Heineken has put its mothballed production site in Kaliningrad up for sale, according to a report from Reuters on Monday. The world’s third-largest brewer halted production at the plant in January after a steady decline in the Russian beer market.
“We have a sober estimate of the economic situation in the country as a whole and in the region in particular,” the company said in a statement announcing the sale.
The Dutch company purchased the brewery in 2005, when it bought Ivan Taranov Breweries for an undisclosed sum. At the time, Russia was the world's fifth-biggest beer market - after China, the United States, Germany and Brazil. All of the leading brewing companies were keen to expand into one of the world's fastest-growing beer markets.
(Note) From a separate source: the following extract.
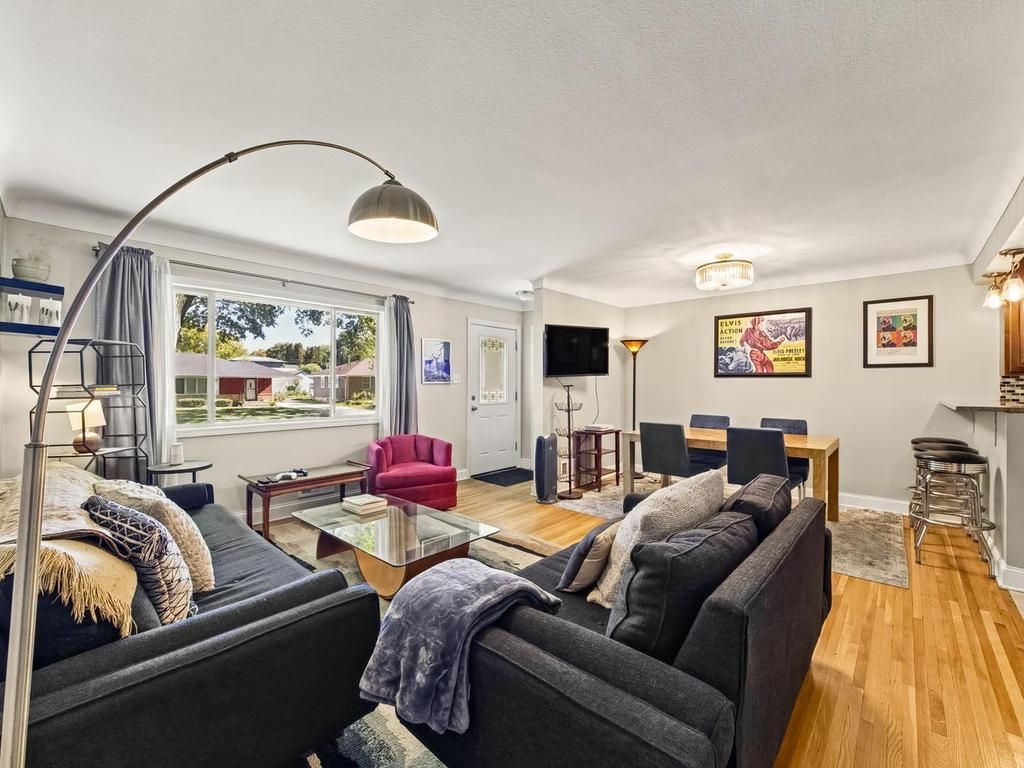 817 Vincent Avenue N, Minneapolis, MN 55411 — photo 3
There has been a steep decline in sales for companies like Heineken and Carlsberg in Russia, due to new regulations on alcohol consumption in the region. The Kremlin launched an anti-alcohol campaign in 2010, which aims to cut alcohol consumption in half by 2020. It has also banned advertising, raised taxes and limited the size of plastic beer bottles to a maximum of 1.5 liters.
According to the Beer in Russia market report from Euromonitor International, beer recorded a total volume decline of 3% in 2016. It says, in the context of significantly reduced beer consumption in Russia since 2013, the drop in 2016 signalled the start of demand stabilisation.
It says one of the main supporting factors behind this was the rise of affordable beer, both offered by market leaders via aggressive discount pricing and by regional inexpensive brands.
Heineken said it planned to raise at least 250 million roubles ($4.3 million) from the sale and invest the proceeds in other projects.